Landing Page Copy Case Study: Taking website copy from nonprofit cliché to lead generating conversion machine
When Shereef Bishay came to me for copywriting help, the Learners Guild website looked and sounded like a typical non-profit brochure.
It had aspirational phrases you’d find on grant applications like “offering opportunity to historically underserved communities” and “bridging the tech diversity gap.”
But Learners Guild isn’t seeking grants. It’s seeking profits.
As a public benefit corp, Learners Guild offers top-notch software development training to everyone with a passion for coding, especially people of color and people from other groups underrepresented in the tech world — without incurring mountains debt.
Learners Guild makes money through an income sharing agreement with its participants after they graduate from the ten-month program into high-paying positions as software engineers. For three years after completing the program, participants give a portion of their salary to the Learners Guild. They only pay Learners Guild back if they’re employed in a high-paying software job. The more money their graduates make, the more money the Learners Guild makes.

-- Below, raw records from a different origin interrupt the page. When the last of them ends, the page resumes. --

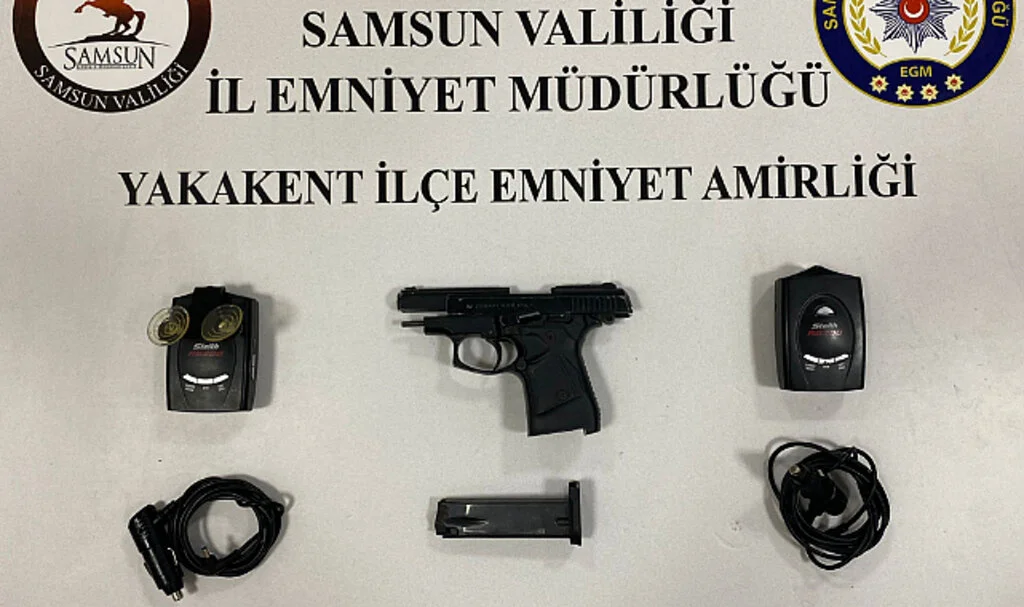 Samsun'da bir araçta 2 radar tespit cihazı ve kurusıkı tabanca bulundu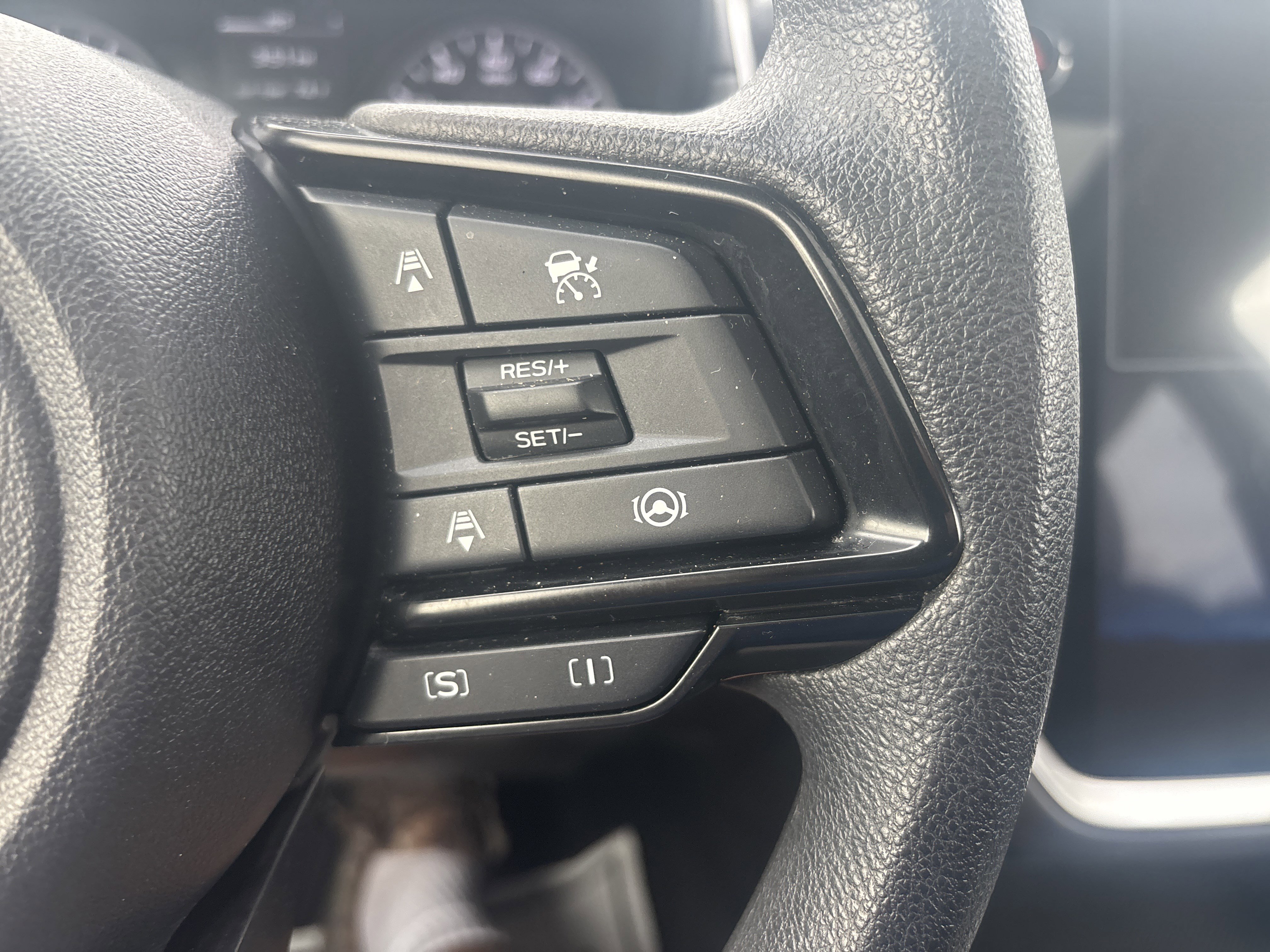 Used 2024 Subaru Crosstrek 2.0i Premium image 19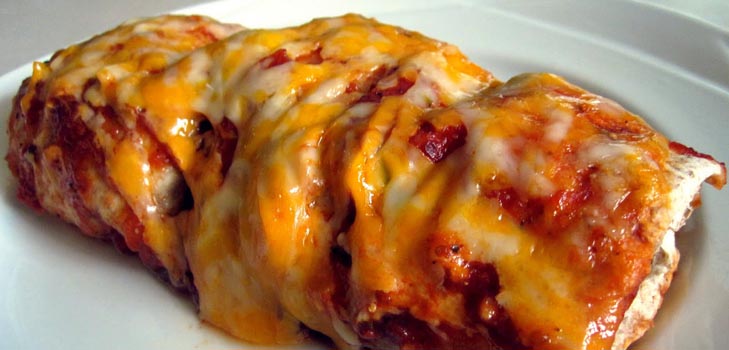 Enchiladas com feijão e vegetais de raiz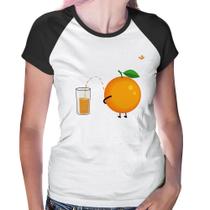 Baby Look Raglan Peeing Orange - Foca na Moda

When Shereef told me about the Learners Guild business model, I could barely contain my excitement.
My own student loans weigh me down like a cement block and prevent me from saving money, owning a home or even paying for childcare. The thought of tying the financial success of an educational program to the financial success of its students made perfect sense and I was eager to get this project off the ground.
The problem was, Learners Guild was having a tough time finding qualified recruits for their first Oakland cohort.
It wasn’t that there weren’t any students of color with a love of coding in Oakland, CA. I mean, hello: we’re talking about one of the most diverse cities in America, within an hour drive of Google, Facebook, Hewlett Packard and other tech giants.
Learners Guild sounded like yet another out of touch white savior.
If there’s one thing I learned as I immersed myself in the world of their target participant, the last thing anyone from an “underserved community” wants is to be seen as a charity case by the people who are seeking to help them.
And when people from communities that have been snubbed or ignored by the tech world see the word “diversity,” it’s met with understandable cynicism.
With people of color in less than 1 percent of c-level positions at Fortune 500 companies, “diversity” has become an empty marketing phrase geared to make members of privileged groups feel better about themselves.
So I needed to get to the heart of what people of color DO want out of a software training program, and what was standing in their way.
It was up to me to seek the answers by doing the work of listening, internalizing, and understanding. And if I didn’t understand something, it was up to me to educate myself.
In Their Own Words
One of the top issues I learned once I started listening was that while many tech companies claim the lack of worker diversity is due to a limited talent pool, many people of color at all socioeconomic levels— especially women of color — lack the direct route from school into a well-paid career that many middle-class white Americans enjoy. It’s more likely for a white guy to have a crucial family connection or influential friendship with a Silicon Valley hiring manager than a woman of color from the same neighborhood.
And even if they went to school together and achieved similar grades, the power dynamics of gender and race in a tech learning environment can have a negative impact on a woman of color while building the confidence of a white man.
The other big issue is the disproportionate student loan burden born by people of color.
I knew if I was to win the trust of potential Learners Guild recruits, I had to reassure landing page visitors that our program wasn’t going to make their biggest problems even bigger.
Here’s what I came up with:
“Go From Beginner to Full-Stack Developer in 10 Months — Debt Free, Risk Free, Worry Free.”
The headline & subheader are designed to make clicking the call to action button as frictionless as possible.
And while the copy doesn’t specifically indicate that Learners Guild actively recruits people of color, women, and LGBTQ people, the gorgeous stock photography sourced from WoCinTechChat (and later from their first cohort) sends the message loud, proud, and clear.
The sliders just below the founder’s message addressed some of the biggest hurdles PoC in tech have to overcome: a lack of important career connections, a lack of mentors who get how privilege can impact one’s career trajectory, and a general disconnect from the larger tech community.
Notice that instead of saying “come learn FROM us,” I chose “come learn WITH us.”
I wanted participants to know they will be contributing members of a learning community of peers and experts — instead of passive outsiders who have nothing to teach and everything to learn from a closed network of tech insiders.
After the Facebook Ad leading to the landing page came out, the most common comment was “is this for real?”
People were so amazed by Learners Guild’s unique selling proposition (debt-free education), they thought it was too good to be true.
I added the last slide to reassure readers that it is, in fact, the real deal.
The final call to action uses a copywriting technique called “future pacing.” It makes the reader imagine herself in the situation being described. And the scenario I’ve described is EXACTLY what Learners Guild's target participant is striving for.
Thanks to the inspiration from a wonderfully supportive community, the landing page copy earned Learners Guild hundreds of excellent applicants for their first cohort in Oakland, CA.